Irma (2000). Oil on canvas, 30 x 24 inches.

As an art student who wanted to paint in “a traditional, old fashioned style,” Jacob Collins ’86 didn’t get much support. The more benign artists with whom he studied thought his approach was “interesting, but wrongheaded,” he recalls, while “two people were very hostile.” So Collins had to find his own way as an artist, eventually settling into a style he labels “classical realism,” combining disparate elements of nineteenth-century painting.

His perseverance paid off. Collins is now recognized as one of the most gifted young American realists, widely acclaimed for his figure painting, still lifes, landscapes and interiors — and is much sought-after as a portraitist.
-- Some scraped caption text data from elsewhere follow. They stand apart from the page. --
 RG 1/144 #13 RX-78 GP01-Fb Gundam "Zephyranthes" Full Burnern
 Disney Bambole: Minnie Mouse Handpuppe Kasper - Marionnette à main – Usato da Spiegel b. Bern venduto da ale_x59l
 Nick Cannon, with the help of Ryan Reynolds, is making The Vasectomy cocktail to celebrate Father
His works — here represented by Wine Still Life (2000) and Irma (2000) — are featured in galleries in New York, Houston and San Francisco, and hang in collections ranging from Harvard’s Fogg Art Museum to New York’s Union League Club.
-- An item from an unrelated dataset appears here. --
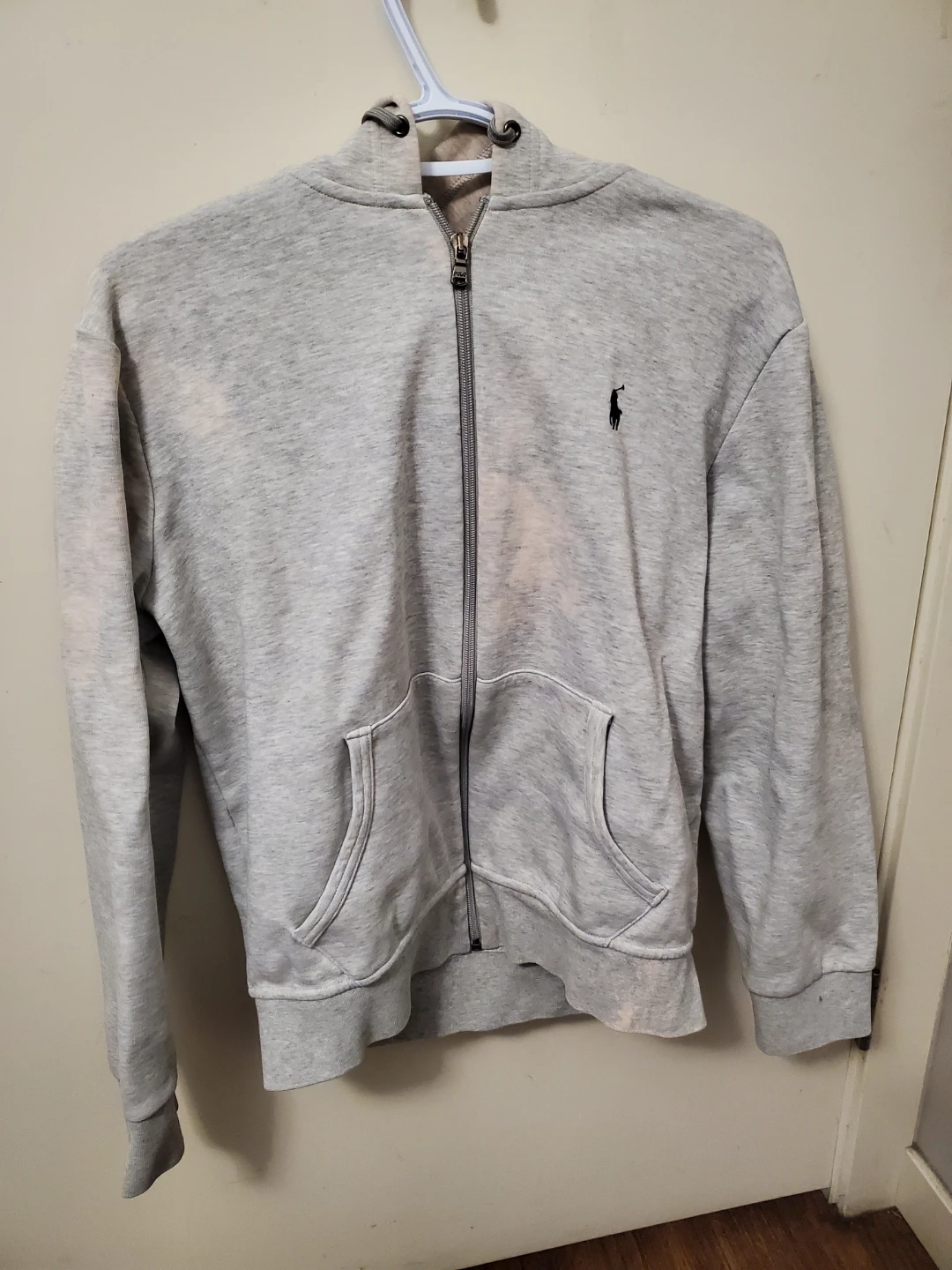 Ladies Zippered Hoodie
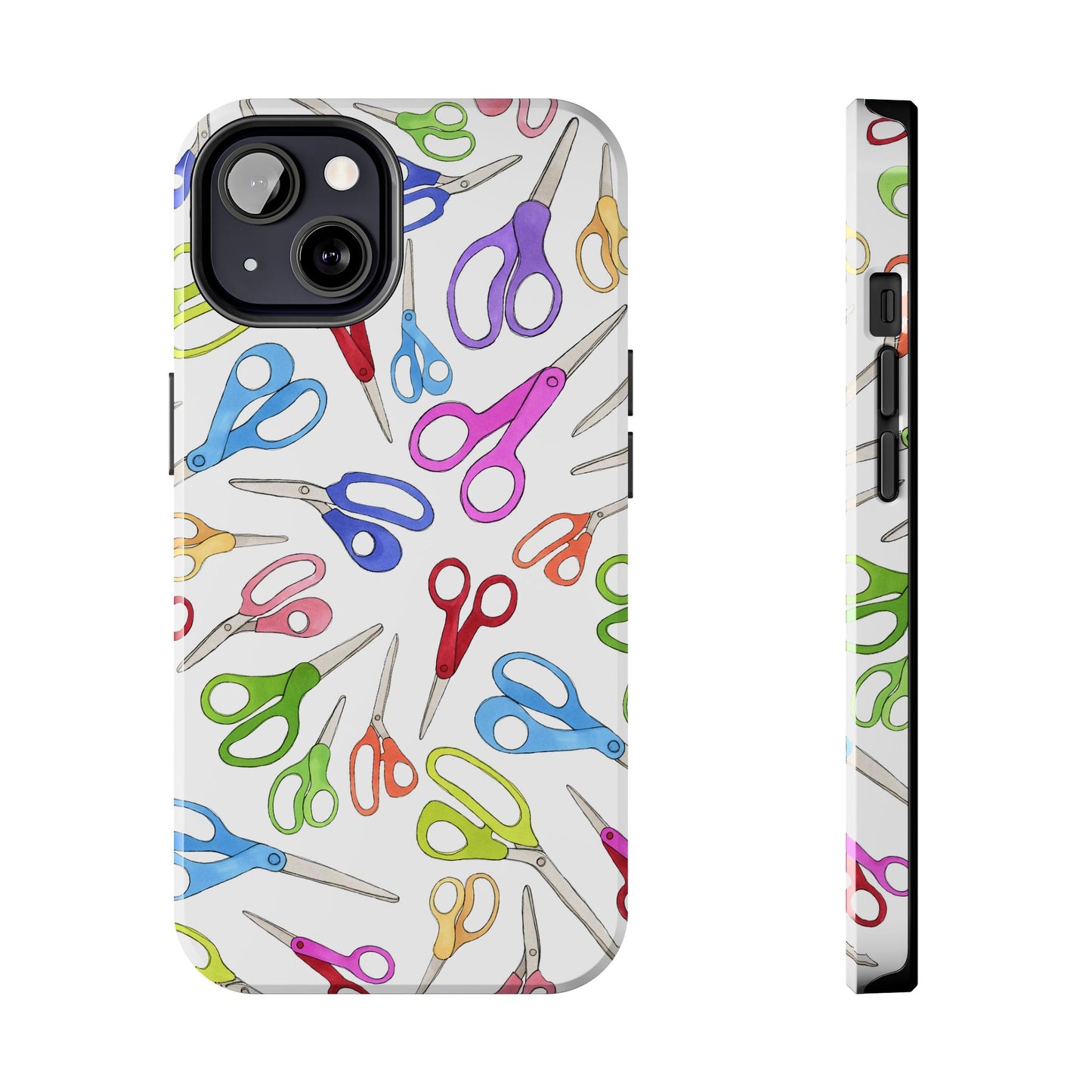 Shear Fun White Phone Case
Collins is a true Columbia-blue blood. He is grandson to Morris Schapiro ’23 and great-nephew of Meyer Schapiro’24, the famed Columbia art historian. His father, Arthur, is Class of ’56, and his mother, Linda Schapiro, is Barnard Class of ’51. His brother Rufus graduated from the College in 1984. And Collins is married to Ann Braschares, Barnard ’89, with whom he has a son.



Wine Still Life (2000). Oil on canvas, 16 x 24 inches.
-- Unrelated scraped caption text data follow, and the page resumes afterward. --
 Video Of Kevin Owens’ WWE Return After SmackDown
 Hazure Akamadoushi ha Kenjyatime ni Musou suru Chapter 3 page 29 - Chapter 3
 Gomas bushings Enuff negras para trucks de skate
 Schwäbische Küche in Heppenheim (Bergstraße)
At first, Collins (who also studied at the Art Students League in New York and at the Ecole Albert Defois in France) opted to show his paintings in San Francisco and Houston galleries because he didn’t know how sympathetic the New York art market would be to his painting. Today, the market has seen the light, and Collins says he’s “in the middle of many like-minded artists.” Like many of those, he’s also crossed the East River to work and live. In 1997, he founded the Water Street Atelier in Brooklyn Heights, where he teaches painting and drawing. The school has 25-30 students who have “a full-time commitment to this type of art” and “piece together the old way of making paintings.”

In May, the Spanierman Gallery in Manhattan (www.spanierman.com) held a major exhibit of his recent paintings. The John Pence Gallery in San Francisco (www.johnpence.com) plans its own exhibit of Collins’s work from October 12 to November 11, 2000.